Fibrolast Growth Factor Receptor (FGFR) plays a role in causing a variety of cancers. FGFR plays a role in the signaling system with FGF by initiating signaling cascades that control development and tissue repair. The disruption of this signaling system is involved in tumor growth^[2]

Ponatinib is a relatively new anti-cancer drug that inhibits FGFR. While most inhibitors are selective for FGFR1-3 and show a reduced binding to FGFR4, Ponatinib binds to FGFR4^[3]. Further, the drug is a Bcr-Abl tyrosine kinase inhibitor (TKI)^[4]. Ponatinib is specifically prescribed to patients with chronic myeloid leukemia and Philadelphia-chromosome positive active lymphoblastic leukemia. Although, it has recently shown side effects causing blood clots and narrowing blood vessels.

•Plays a role in a variety of cancers

•Ponatinib is a drug prescribed to patients with chronic myeloid leukemia and Philadelphia-chromosome positive active lymphoblastic leukemia. Although, it has recently shown side effects causing blood clots and narrowing blood vessels.

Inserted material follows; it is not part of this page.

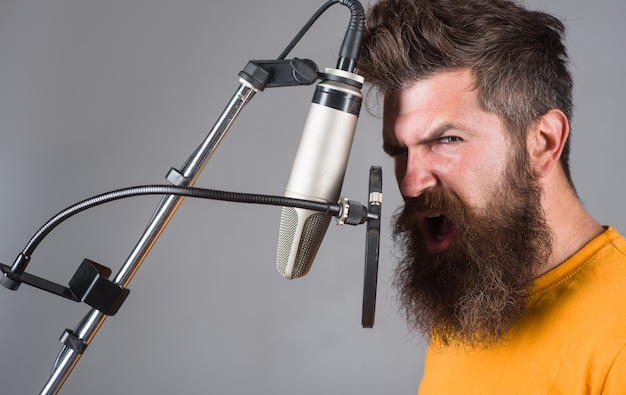 O estúdio grava um homem barbudo cantando no microfone karaokê cantando com um microfone cantando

•FGFR plays a role in the signaling system with FGF by initiating signaling cascades that control development and tissue repair. The disruption of this signaling system is involved in tumor growth^[5]

•While most inhibitors are selective for FGFR1-3 and show a reduced binding to FGFR4, Ponatinib binds to FGFR4^[6]

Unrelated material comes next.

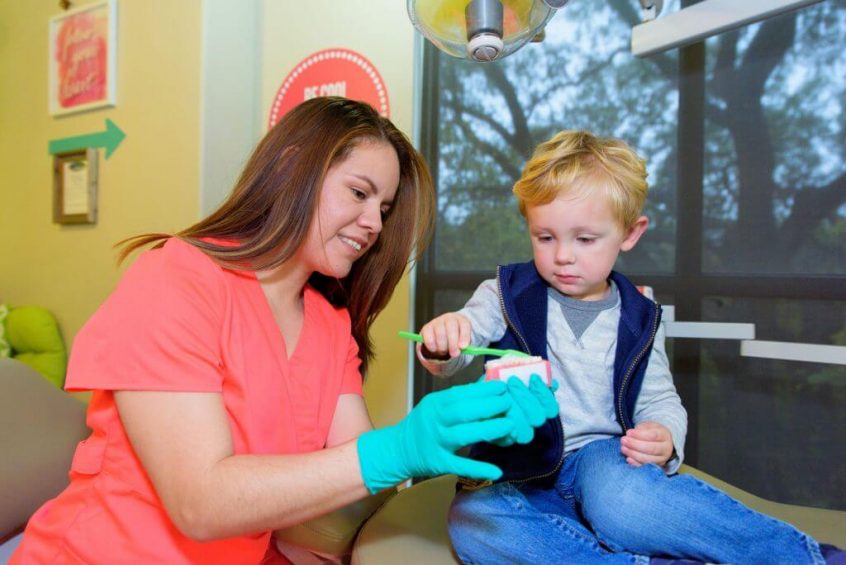 A young patient wearing blue jeans a gray sweatshirt and a blue open zippered vest holding a large sized green tooth brush is brushing the teeth of a gum and teeth model held by a team members of Hill Country Pediatric Dentistry and orthodontics office wearing orange office uniform and green exam gloves sitting next to the treatment bed on which the blond hair boy is sitting, the view of a few retro style red background with white writing office decor signs are visible on the wall behind them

•Ponatinib is a Bcr-Abl tyrosine kinase inhibitor (TKI)^[7]

Overall Structure

•Ligands: SO4, 0LI [C29 H27 F3 N6 O]

•Identical amino acid sequence to cI44 with the exception of 1 residue.^[8]

secondary structure with two key residues in the activation loop (highlighted in light blue) for Ponatinab binding

Binding Interactions

•Ponatinib binds to the "DFG-out" conformation of Bcr-Abl, where the Phe (F) is out of its hydrophobic pocket^[9]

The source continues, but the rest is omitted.